This question reminds me of a slim but provocative book that was published ten years ago, called How to Talk about Books You Haven’t Read, by a French academic (are you surprised?) called Pierre Bayard. This book was fascinating because its author tried to expose the empty elitism (the “system”) that enforces our intellectual insecurities. At the same time, Bayard provides tips on how to seem like you really have read all of Marcel Proust, as well as the most recent scholarship on Proust. This will make it seem to others that you also have read the best commentaries on Proust’s readers, his biographers, and his Russian and Arabic translators, etc. So this author pokes fun at elitism, but clearly he also wants to instruct us on how to join that elite—or empty elite.
I mention this because our question today concerns not “which books will reveal that I am an intellectual,” but rather “if I really want to be thought of as an intellectual.” So our focus is not on which books will stretch and strengthen our intellectual capacities, but which will impress other people.
If authority in the classroom means knowing it all, then it also means inviting nothing but silence among our most ambitious students.
Shall I assume that historians like me are specially equipped to know what “other people” want to think? If so, that hurts! Why? Because as a teacher and research supervisor, I think that by acknowledging my lack of knowledge on many things, I encourage students to realise their own intellectual ambitions—showing that there’s still a lot of research to do, many questions to ask, and further arguments to be made. My colleagues tend to agree with this.
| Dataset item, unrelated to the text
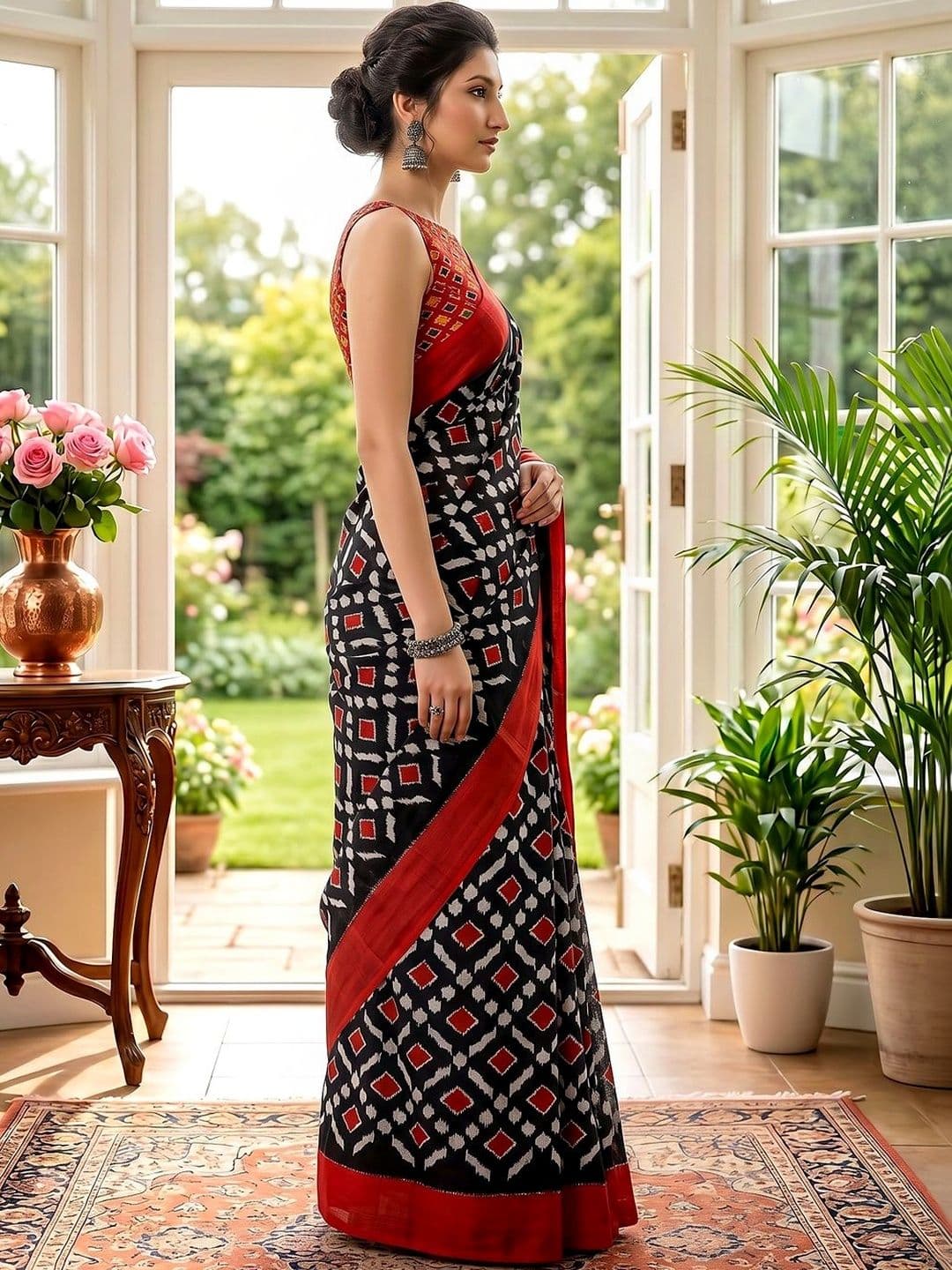 VS MALL Floral Pure Cotton Ikat Saree thumbnail 5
If authority in the classroom means knowing it all, then it also means inviting nothing but silence among our most ambitious students.
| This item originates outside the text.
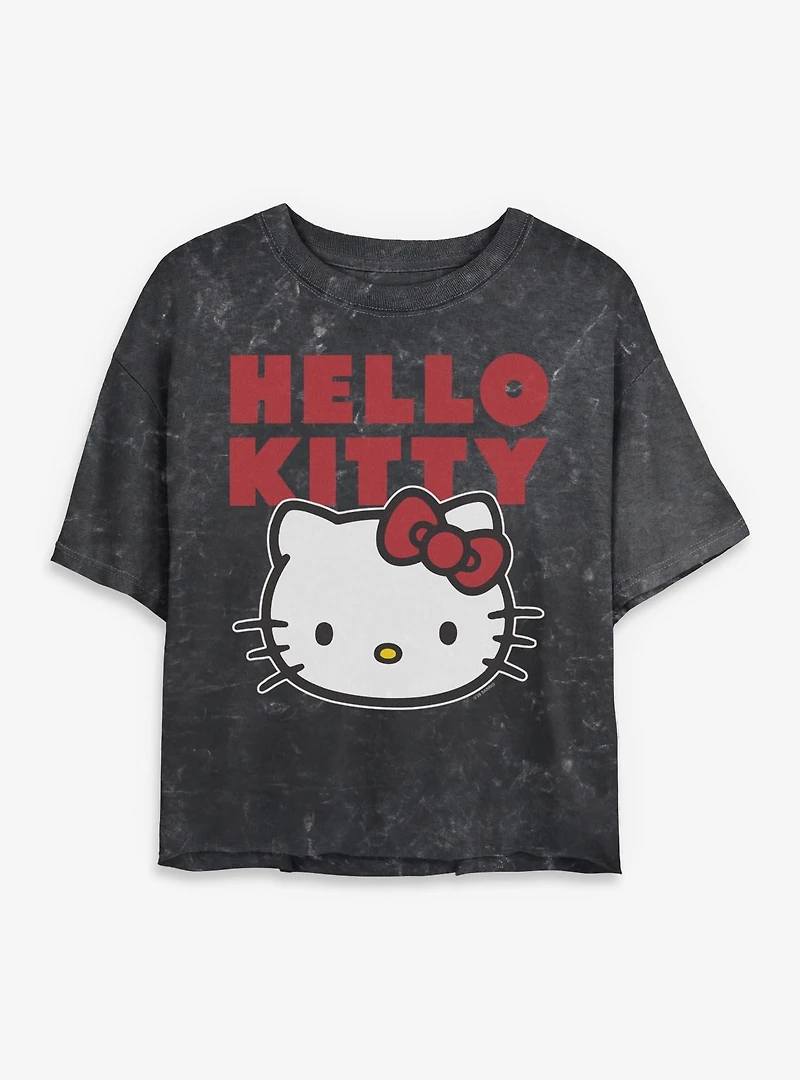 Sanrio Hello Kitty Block Mineral Wash Womens Crop T-Shirt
Most of us will agree that the Socratic method of teaching - showing that we learn more from exploring good questions rather than memorising facts and arguments - is a more effective pedagogical method than standing at the podium and citing quotations from books students can access elsewhere.
Intellectual ability is more about thinking critically than knowing lots of stuff.
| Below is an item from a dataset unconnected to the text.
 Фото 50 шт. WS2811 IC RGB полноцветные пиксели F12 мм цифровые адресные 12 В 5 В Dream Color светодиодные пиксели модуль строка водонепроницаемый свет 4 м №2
So this means that, in my view, the best way “really” to be thought of as an intellectual is to show we know those books that have taught us to pose good questions. Intellectual ability is more about thinking critically than knowing lots of stuff anyway.
Perhaps the best book of this type is The Historian’s Craft, originally published as Apologie pour l’Histoire ou Métier d’Historien, by the great French historian Marc Bloch (1886-1944). Historians realise the importance of distinguishing an author from her/his ideas. We should not allow a person’s life to determine the meaning of their thoughts. If we did, every book on our shelves would need to be written by a moral hero. Unfortunately, there are more brilliant publications than there have been moral authors.
Since history is the study of the past in the context of the present, study without witnessing is like reading without learning.
In the case of Bloch, we have a moral hero and a provocative book that emphasizes the importance of asking critical questions. Marc Bloch, a Jewish intellectual and officer in the French army, refused to emigrate from France during the Nazi occupation. Simultaneously horrified and fascinated by the capacities of his fellow citizens to justify leading "normal lives" even while they colluded with the Nazis, Bloch believed that the task of a historian is to witness the world, to better reflect on its meaning. Since history is the study of the past in the context of the present, study without witnessing is like reading without learning.
Bloch knew that he would be rounded up and murdered before completing this short treatise—and he was. Edited posthumously by his friend Lucien Febvre and published in 1949, reading this book today compells us to reflect not only on Bloch’s demand for critical questions, but also for us to reflect on the task of intellectuals during wartime. How different are we, reading today, while refugees drown, sea waters rise, and we elect leaders who encourage inequality?
So Bloch teaches us to witness and to ask questions—of ourselves and of each other. Done with sincerity, it’s hard work, intellectually.
“Poverty and the Tolerance of the the Intolerable.” Professor Amartya Sen with Prospect‘s editor Bronwen Maddox, at LSE, 14 Jan 2014 © Sophia Schorr-Kon
Taking Bloch seriously, we need to face the challenge of seeing injustice amidst our world of stimulating ideas. We need to balance outrage with creativity, and critical thinking with demands for solutions. So my final “book” is, in fact, a lecture - this means, hopefully, more of us will be able to consume it—it’s available as a free download.
Amryta Sen, the intellectually restless Nobel-prize winning economist and philosopher, asks: why do we tolerate injustice? What do we tell ourselves to justify our willingness to look the other way, to ignore suffering even while we know it is there?
If we want to shape definitions of what it means to be an intellectual, cultivating a meaningful response to Sen, given Bloch's arguments for a critical approach to history, seems to me a fine place to start.